Personal information
- Native name: Páidí Ó Muirí (Irish)
- Born: 1970 (age 55–56) Kilmichael, County Cork, Ireland
- Occupation: Financial consultant
- Height: 5 ft 7 in (170 cm)

Sport
- Sport: Hurling

Clubs
- Years: Club
- Kilmichael GAA Dohenys Cloughduv → Muskerry St Finbarr's

Club titles
- Cork titles: 0

Club management
- Years: Club
- Dohenys

Inter-county management
- Years: Team
- 2011–2021: Cork (camogie senior team)

Inter-county titles as manager
- County: League / Province / All-Ireland
- Cork (camogie): 4 / 0 / 0

= Paudie Murray =

Cork hurler and camogie manager

Pádraig Murray (born 1970) is an Irish cork camogie manager and former hurler, who spent a decade as manager of the Cork senior camogie team.

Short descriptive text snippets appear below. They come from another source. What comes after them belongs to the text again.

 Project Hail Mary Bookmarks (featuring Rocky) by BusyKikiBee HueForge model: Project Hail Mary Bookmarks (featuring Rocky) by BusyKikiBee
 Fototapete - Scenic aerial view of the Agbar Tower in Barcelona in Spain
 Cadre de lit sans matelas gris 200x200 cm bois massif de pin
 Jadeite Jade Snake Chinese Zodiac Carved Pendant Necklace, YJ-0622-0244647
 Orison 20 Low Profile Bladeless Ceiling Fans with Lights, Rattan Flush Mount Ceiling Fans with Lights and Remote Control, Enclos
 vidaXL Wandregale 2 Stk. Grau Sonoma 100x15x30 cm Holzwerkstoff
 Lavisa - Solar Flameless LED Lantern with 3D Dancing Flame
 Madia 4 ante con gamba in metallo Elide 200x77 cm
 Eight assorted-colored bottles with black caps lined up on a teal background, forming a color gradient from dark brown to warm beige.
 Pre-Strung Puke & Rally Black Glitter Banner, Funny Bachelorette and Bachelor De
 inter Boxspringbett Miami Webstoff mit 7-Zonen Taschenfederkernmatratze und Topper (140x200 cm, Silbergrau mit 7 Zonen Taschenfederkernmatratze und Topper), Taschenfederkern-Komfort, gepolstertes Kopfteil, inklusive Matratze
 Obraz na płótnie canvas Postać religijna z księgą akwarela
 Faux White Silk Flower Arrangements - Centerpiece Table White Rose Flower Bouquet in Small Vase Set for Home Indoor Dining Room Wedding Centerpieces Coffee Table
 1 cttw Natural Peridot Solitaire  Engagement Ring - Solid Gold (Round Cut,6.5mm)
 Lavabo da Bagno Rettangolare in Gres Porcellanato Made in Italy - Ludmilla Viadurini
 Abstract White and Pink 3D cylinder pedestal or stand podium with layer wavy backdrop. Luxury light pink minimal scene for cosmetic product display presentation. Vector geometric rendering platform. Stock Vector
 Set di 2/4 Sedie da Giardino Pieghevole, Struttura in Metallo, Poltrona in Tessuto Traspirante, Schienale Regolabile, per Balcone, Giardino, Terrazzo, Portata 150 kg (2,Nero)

He is a former player with club sides Cloughduv and Dohenys and the Muskerry divisional team.

==Playing career==
Murray first came to sporting prominence as a hurler with Cloughduv and as a Gaelic footballer with Dohenys. He enjoyed more success with the latter, winning a County Junior Championship title in 1993 before captaining the team to the County Intermediate Championship title two years later. He also earned selection with the Muskerry divisional team, before later joining the St Finbarr's club. Murray's inter-county experience was limited to one season with the Cork minor hurling team. He lined came on as a substitute in Cork's 1988 All-Ireland MHC final defeat by Kilkenny.

==Managerial career==
Murray's first move into management came during a two-year spell with the Dohenys senior football team in 2010 and 2011. He was appointed manager of the Cork senior camogie team in December 2011, serving in that position for a decade. During that time Murray guided the team to four All-Ireland SCC titles from seven appearances in finals.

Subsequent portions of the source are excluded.